[[ GIVEN DATA open ]]
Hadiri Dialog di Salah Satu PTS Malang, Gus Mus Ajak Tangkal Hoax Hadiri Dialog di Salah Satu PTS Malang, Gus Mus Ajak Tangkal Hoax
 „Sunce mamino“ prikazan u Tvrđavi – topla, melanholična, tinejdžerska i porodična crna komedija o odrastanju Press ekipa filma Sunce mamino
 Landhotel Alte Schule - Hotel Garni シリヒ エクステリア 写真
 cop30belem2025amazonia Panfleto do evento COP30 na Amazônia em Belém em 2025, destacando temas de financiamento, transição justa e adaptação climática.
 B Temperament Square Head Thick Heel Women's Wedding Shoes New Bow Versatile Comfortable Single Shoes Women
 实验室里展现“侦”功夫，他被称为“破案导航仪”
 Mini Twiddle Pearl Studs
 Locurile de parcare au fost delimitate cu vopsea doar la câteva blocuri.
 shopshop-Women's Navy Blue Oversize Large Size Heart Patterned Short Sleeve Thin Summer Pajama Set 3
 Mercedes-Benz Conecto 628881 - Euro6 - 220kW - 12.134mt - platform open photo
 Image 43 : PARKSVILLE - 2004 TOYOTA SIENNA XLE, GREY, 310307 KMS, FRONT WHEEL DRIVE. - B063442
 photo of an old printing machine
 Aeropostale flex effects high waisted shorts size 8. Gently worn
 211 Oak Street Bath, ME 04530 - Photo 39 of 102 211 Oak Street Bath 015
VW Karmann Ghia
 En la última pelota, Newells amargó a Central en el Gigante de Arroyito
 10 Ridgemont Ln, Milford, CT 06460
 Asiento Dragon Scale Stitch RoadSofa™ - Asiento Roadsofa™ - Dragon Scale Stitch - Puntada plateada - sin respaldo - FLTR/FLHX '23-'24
[[ GIVEN DATA closed ]]
ACTIVITY =>
Exactly the lines from the one containing "photo of an old printing machine" to the last line of the entries above must be duplicated, with both of those lines included and nothing more.

EXERCISE OUTPUT =>
 photo of an old printing machine
 Aeropostale flex effects high waisted shorts size 8. Gently worn
 211 Oak Street Bath, ME 04530 - Photo 39 of 102 211 Oak Street Bath 015
VW Karmann Ghia
 En la última pelota, Newells amargó a Central en el Gigante de Arroyito
 10 Ridgemont Ln, Milford, CT 06460
 Asiento Dragon Scale Stitch RoadSofa™ - Asiento Roadsofa™ - Dragon Scale Stitch - Puntada plateada - sin respaldo - FLTR/FLHX '23-'24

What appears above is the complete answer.